Saturday, January 02, 2021

Whispers of a Legend

 I always told myself that someday I would write a book with a first chapter titled “Whispers of a Legend”. It would be the south western wind that heralded that whisper, carrying it over the river to the leaves of the bamboo thickets who then rustled the prophecy to man and beast. The story of a little boy who would return to a magical place called Ottapalam. But this is not that story. This is about the real legend who weaved her magic into this little boy’s life and made him return. 

There are many early memories. But one, in particular, stands out - when a scared little boy, who just finished grade three was left with his grandmother for the summer holidays. I was excited and terrified, and I cried as my parents returned to the city. I didn’t really expect to live beyond that summer, convinced that if the snakes didn’t get to me first, the deep darkness would devour me whole. Instead that summer changed my life forever. I cried harder when that summer came to an end. And then I came back for nine other summers.   

Those were magical days. We grandkids called our grandmother “Muthi”. I didn’t know Gandalf then, but Muthi must have been a close cousin. She cast a spell on every day. My days were filled with delicious food, books, goats, neighbors, farming wisdom, evenings frolicking in the river, ancient stories at twilight and finally, tucked in between a sturdy wall and Muthi, deep blissful sleep. I quite didn’t grasp it then, but those experiences would leave me with a haven to turn to anytime life got too complicated. If my boat slipped her moorings, I would always find an anchor in the place, the people and the memories. And Muthi was my North Star.

Some people teach you life’s lessons and some people’s lives are the lessons.
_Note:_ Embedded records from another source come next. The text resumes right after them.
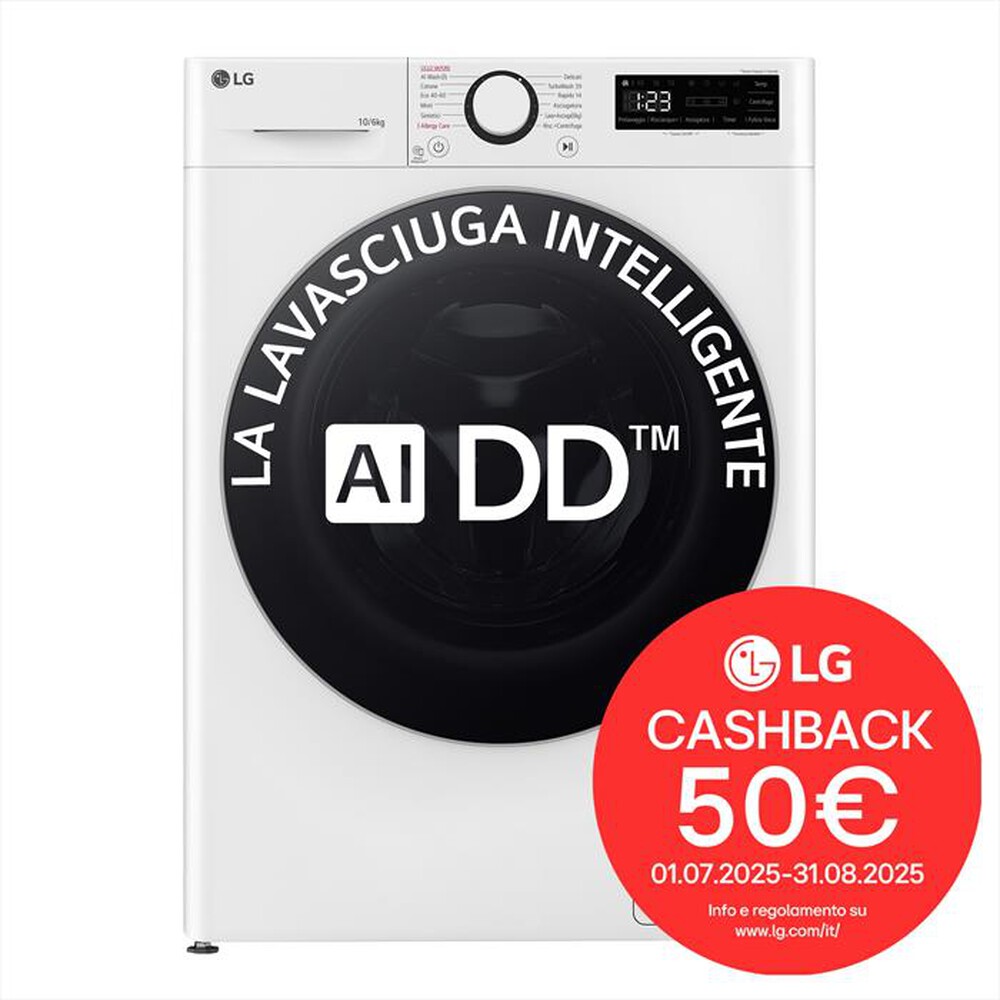 LG - Lavasciuga D4R5010TSWS 10/6 Kg Classe A-Bianco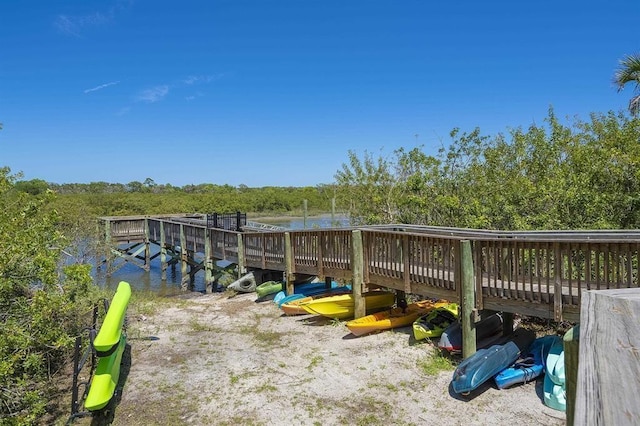 view of dock with a water view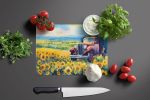 NEW Kansas Sunflowers in Watercolor Glass Cutting Board Decorative Tempered Glass Kitchen Cutting and Serving Board Large Size Chopping Board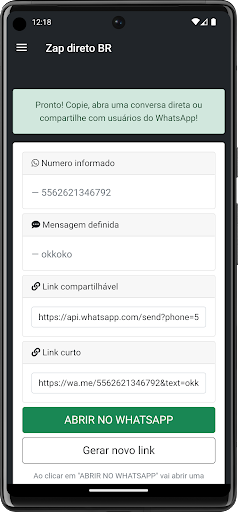 Android application ZapDiretoBR - Sem salvar, Link screenshort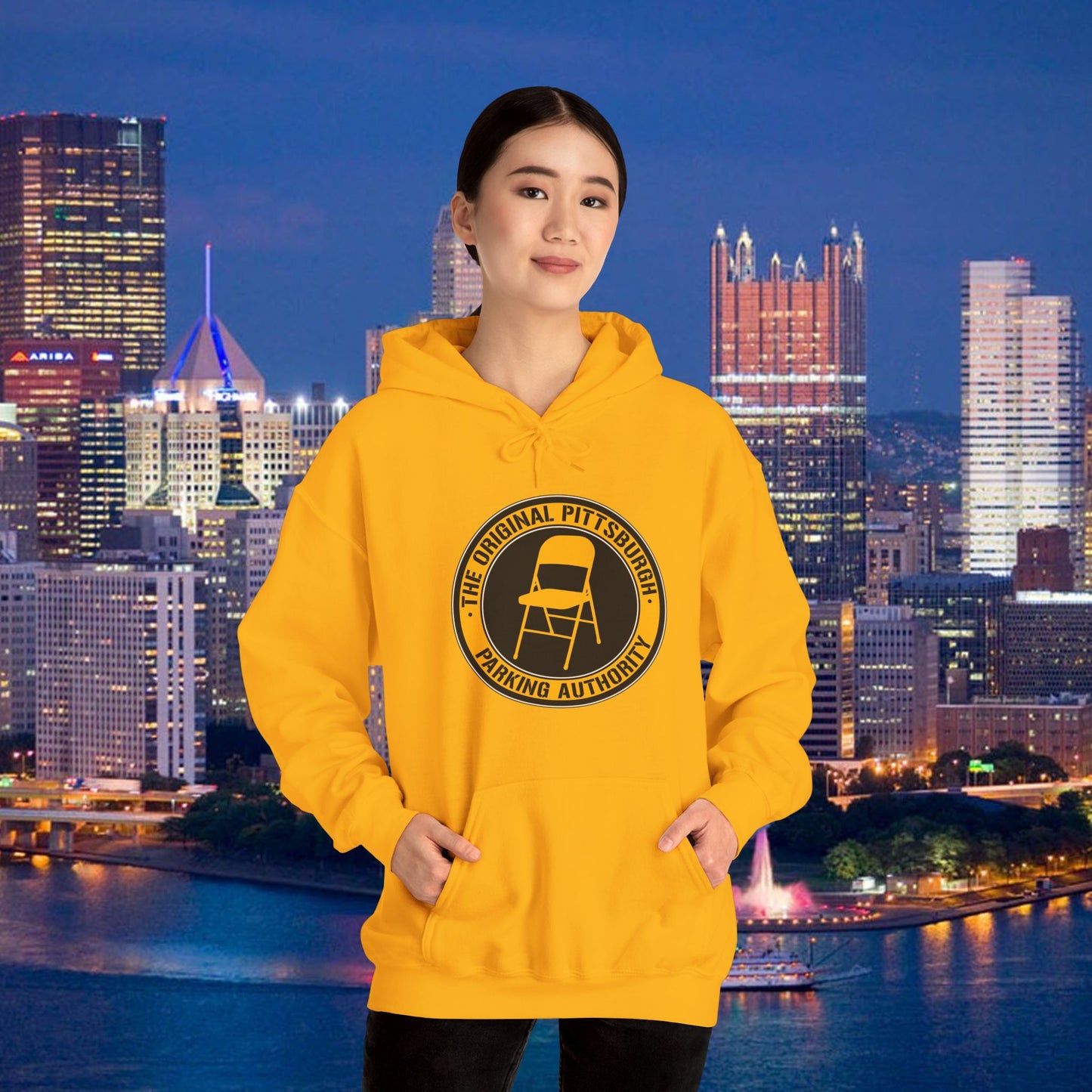 Pittsburgh Parking Chair Hoodie Original Pittsburgh Parking Authority Emblem | Funny Yinzer Pullover | Steel City Gift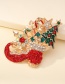 Fashion Gift Diamond Oil Dripping Elk Christmas Tree Glove Socks Brooch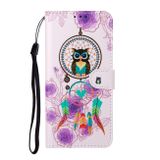 Peňaženkové kožené puzdro OIL na Samsung Galaxy A22 4G - Owl Wind Chimes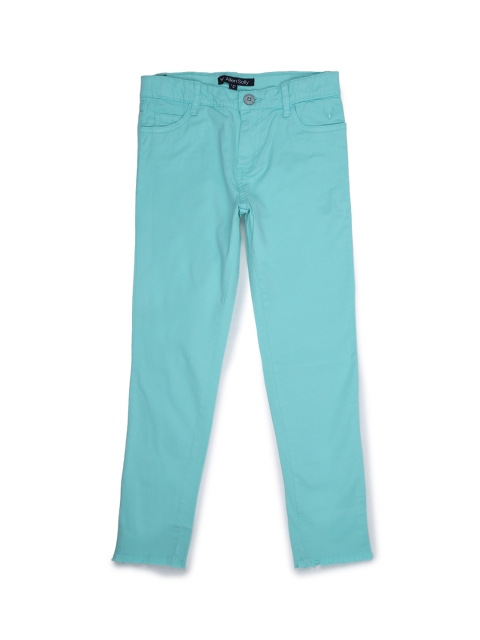 

Allen Solly Junior Girls Turquoise Blue Regular Fit Solid Regular Trousers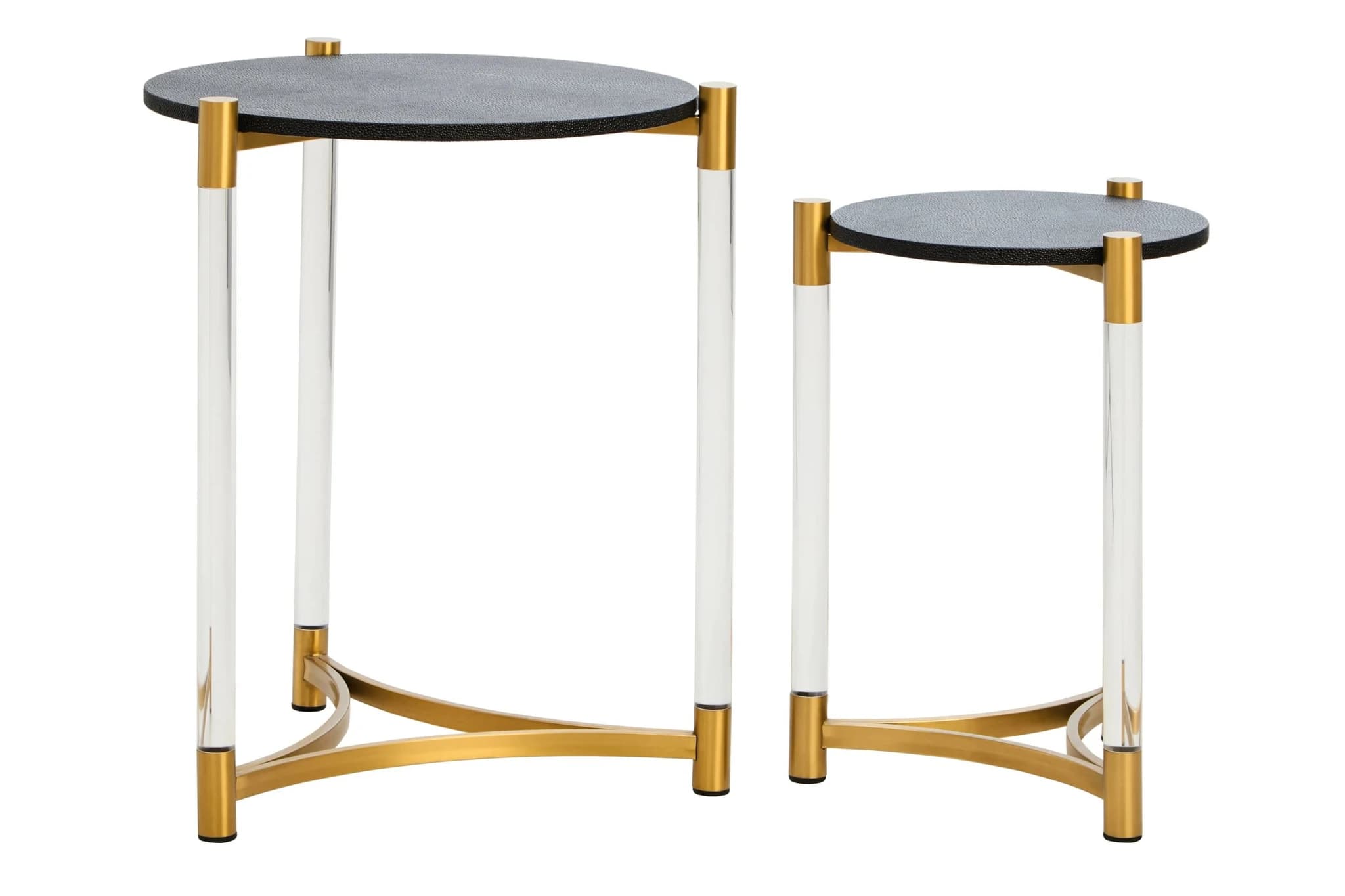 Cardona Black Shagreen Effect Set of 2 Side Tables - Tables, photo 2 of 7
Muthi squarely fit the latter category. She was a self-made woman with a spirit whose determination was only matched by its generosity. She was ancient, progressive, liberal, a feminist, spiritual, pragmatic, flawed in parts and flawless in totality. Through those summers, in ways I hadn’t even quite fully understood, she surely but strongly laid the foundation for my life. Years later, as I sat with D at a coffee shop in Cincinnati and pondered over my life journey in preparation for a key work interview, Muthi and those summers filled most of the preparatory pages.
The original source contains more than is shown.